警察庁・JAF合同調査による2021年シートベルト着用率データ
警察庁・JAF合同調査による2021年シートベルト着用率データ

・一般自動車道:運転席:99.1%、助手席:96.7%、後部座席:42.9%
・高速道路:運転席:99.6%、助手席:98.9%、後部座席:75.7%

 後部座席のシートベルトの着用率の低さが際立っている。

 2008年6月の道路交通法第71条の3の改正により、運転席や助手席に加え、一般道でも後部座席を含む全席でシートベルトの着用が義務化され、今年でもう14年。なぜ後部座席のシートベルト着用率は上がらないのか?

 義務化されても、後部座席のシートベルト非装着は、見つかっても反則金なし。
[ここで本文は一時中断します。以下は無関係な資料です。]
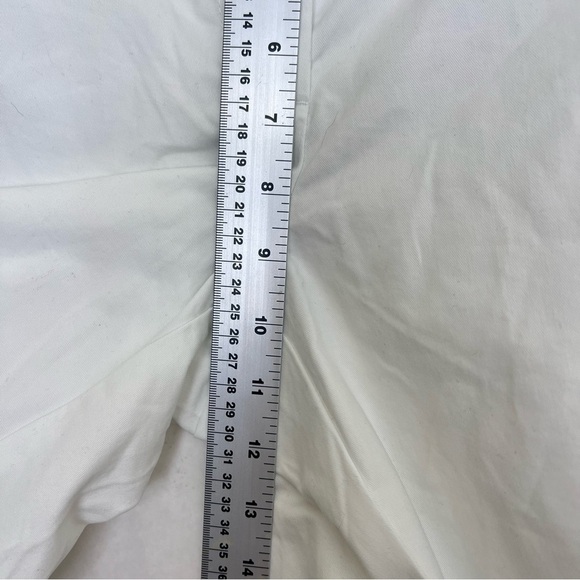 Tommy Hilfiger white flat front shorts women’s size 16 - Picture 5 of 7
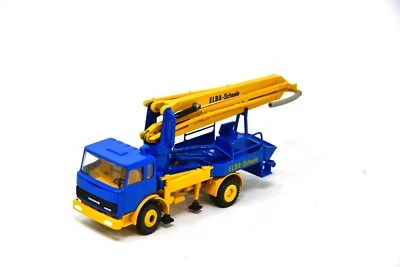Camion Magirus Iveco Calcestruzzo Pompa - Conrad 1/50 - Occasione, Scatola/Buono - Immagine 1 di 4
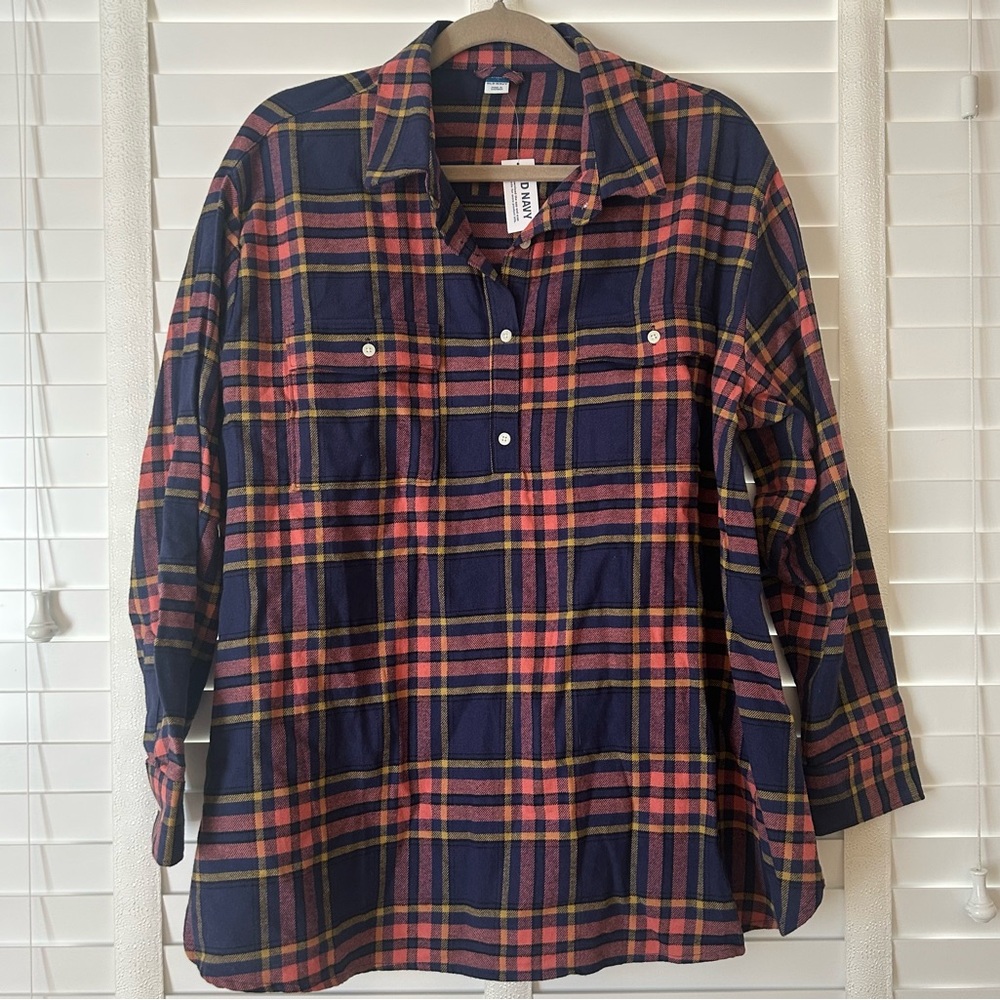 Old Navy Maternity Shirt Plaid Top Flannel Blue Large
一般道路においては口頭注意のみで、高速道路でも違反点数が1点のみとペナルティが軽いからか。

 安全に関わることなのに、罰則の軽重に左右されるというのは情けない限りだと思ったが、どうやら主たる理由はそうではないらしい。

 内閣府が平成15年に行なった世論調査によると、後部座席でシートベルトを着用しない理由の第一位は、「後部座席でのシートベルト着用は窮屈で面倒だから」の36.8%!

 二番目が「後部座席では事故が起きても前部座席より安全だと思うから(必要性を感じないから)」(20.5%)。

 「後部座席でのシートベルト非着用は前部座席同様の行政処分の対象(違反点数1点追加)になっていないから」という理由は三番目=10.4%と思ったよりは低かった。

 四番目に「運転者が安全運転しているから」(7.1%)が続き、「普段乗っている自動車には後部座席にシートベルトがないから」は6.6%。「その他」と答えた人も11.0%となっていた。